The Effective and Appropriate Use of Large-Scale Assessments in Mathematics Education to Guide Systemic Improvement and Equitable Student Learning

  • Download PDF

    A Position of the National Council of Teachers of Mathematics

    The Effective and Appropriate Use of Large-Scale Assessments in Mathematics Education to Guide Systemic Improvement and Equitable Student Learning

    NCTM Position 

    Large-scale assessments are assessments given to a population of students to measure student achievement for the purpose of educational accountability, including identifying gaps in curriculum, recognizing groups of students who are being underserved, and setting and achieving system-wide goals. Data from large-scale assessments must be used with caution when making judgments about individual student performance because of the narrow constraints of the types of knowledge and skills that can be assessed through such a format.

    Large-Scale Assessments Can Support Systemic Improvement

    A vital role for large-scale mathematics assessments in schools and districts is to identify systemic deficiencies and successes in addressing the needs of students. In the last paragraph of a joint press release, the Leadership Conference on Civil and Human Rights (2015) stated, “We cannot fix what we cannot measure. . . Abolishing the tests or sabotaging the validity of their results only makes it harder to identify and fix the deep-seated problems in our schools.” Although we must be critical of their misuse and mindful of their limitations, large-scale mathematics assessments serve an important role in illuminating inequities and signaling success in addressing these. Two questions to keep in mind when interpreting group data from large-scale assessments are the following:

    • How are the data from large-scale assessments being used to identify mathematics education deficiencies and highlight successes in your organization?
    • How can the data from large-scale assessments be used to inform plans for systemic improvements? 

    Inferences From Large-Scale Assessment Data Must Be Used with Caution
    Results from large-scale assessments can be overanalyzed and misinterpreted (National Council of Teachers of Mathematics [NCTM], 2014) and can lead to invalid inferences.
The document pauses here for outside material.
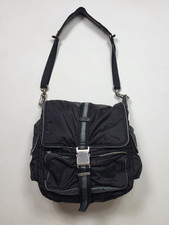 Belstaff Travel Black Shoulder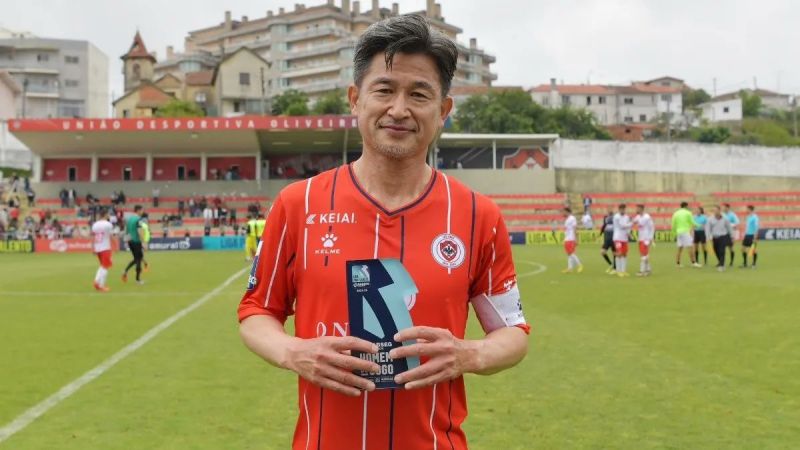 Miura a los 56, mensaje a Sinkgraven, Darder, Bartra, ...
Each assessment makes certain assumptions about which tasks, skills, or important information accurately captures and demonstrates knowledge of the material (Pellegrino et al., 2001). Often large-scale assessment results are used for purposes for which they were not intended and for which there can be negative consequences for students and teachers. Thus, the social consequences should be considered when examining how test results are used (Messick, 1989; Shepard, 1993). These consequences might be positive, such as increased attention to areas of need, or negative, such as inequitable tracking of students or unsubstantiated teacher evaluation. To guard against making invalid inferences from assessment data, two questions to keep in mind are these:

    • What are valid inferences and interpretations that can be made from the data?
    • What are the limitations of the data with respect to how they can validly be used?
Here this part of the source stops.